Prefeitura do Recife toma decisão sobre centro para população de rua alvo de protestos em Boa Viagem

Instalação do equipamento social provocou protestos da população de Setúbal, em Boa Viagem, no último ano
Katarina Moraes
Publicado em 30/03/2023 às 15:37
Moradores e políticos seguem pedindo pela mudança de endereço do Centro Pop Foto: CORTESIA


A Prefeitura do Recife manteve a intenção de instalar um Centro Especializado de Atendimento da População em Situação de Rua (Centro POP) no bairro de Boa Viagem, na Zona Sul da cidade, mesmo após protestos contrários feitos por moradores da região.
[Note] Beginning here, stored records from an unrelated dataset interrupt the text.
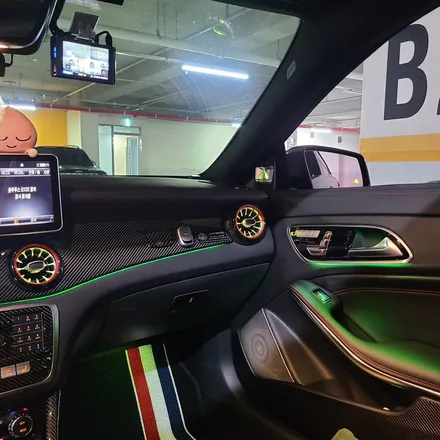 벤츠 w176 - A클래스 cla45amg  터빈형엠비언트 송풍구 개조 안드로이드오토 최신형 컨버전 신형개조 신형핸들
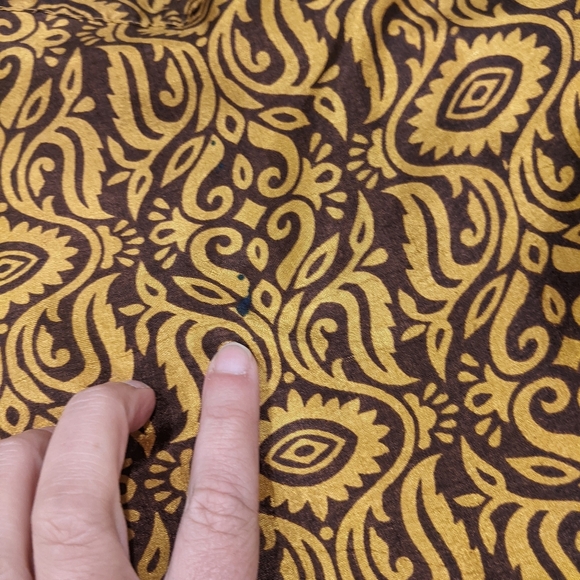 Silk blend wrap skirt (one size) - Picture 2 of 7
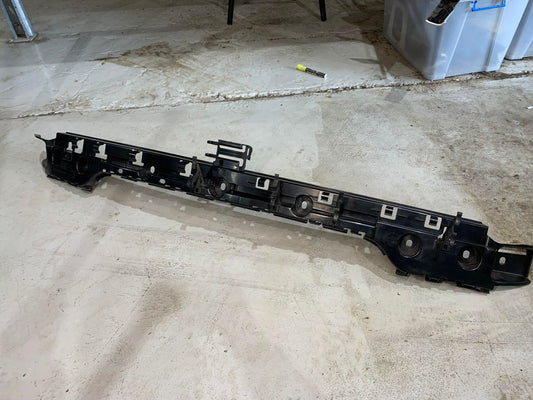 BMW 1 SERIES E82 E88 COUPE REAR BUMPER CENTRE SUPPORT BRACKET 7170665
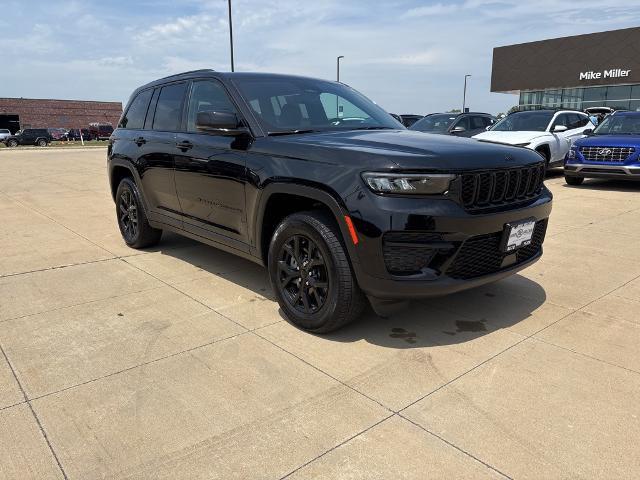 2024 Jeep Grand Cherokee Vehicle Photo in Peoria, IL 61615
A informação foi confirmada por fontes ao JC.

Organizações sociais têm sido convidadas pela equipe da Secretaria de Desenvolvimento Social e Direitos Humanos da capital pernambucana responsável por gerir o novo equipamento para iniciar os trabalhos. Uma delas é a Samaritanos Recife, que há 8 anos dá suporte ao público em vulnerabilidade.

"Tenho reunião marcada com a gestora. Estão com tudo encaminhado, só organizando os fluxos de dentro do equipamento para abrir ao público. Vai ser na mesma casa e a equipe já está se reunindo no local”, disse Rafael Araújo, presidente da ONG.


A casa em questão está localizada na Rua Sargento Waldir Correia, nº 247, em uma área circunscrita em Boa Viagem que é chamada de Setúbal. A residência foi alugada pelo município em 25 de março de 2022, segundo publicação no Diário Oficial do Município.

Quando a notícia chegou à população que vive nas proximidades, parte dela se mobilizou contra a instalação do Centro Pop, fazendo passeatas e até um abaixo-assinado com milhares de assinaturas. Ela temia que o espaço atraísse a criminalidade para a área, majoritariamente residencial.

A mobilização fez efeito ao menos por ora, e a instalação do Centro Pop - em uma casa alugada por R$ 156 mil pelos 24 meses contratados, com recursos advindos do Fundo Nacional de Assistência Social (FNAS) - foi paralisada até segunda ordem. 

CENTRO POP ESTÁ SENDO EQUIPADO

À imprensa, a gestão alegou, durante meses, que ainda não tinha uma resposta sobre se o endereço do equipamento seria alterado ou não. A resposta se repetiu no último contato feito pelo JC, na última semana.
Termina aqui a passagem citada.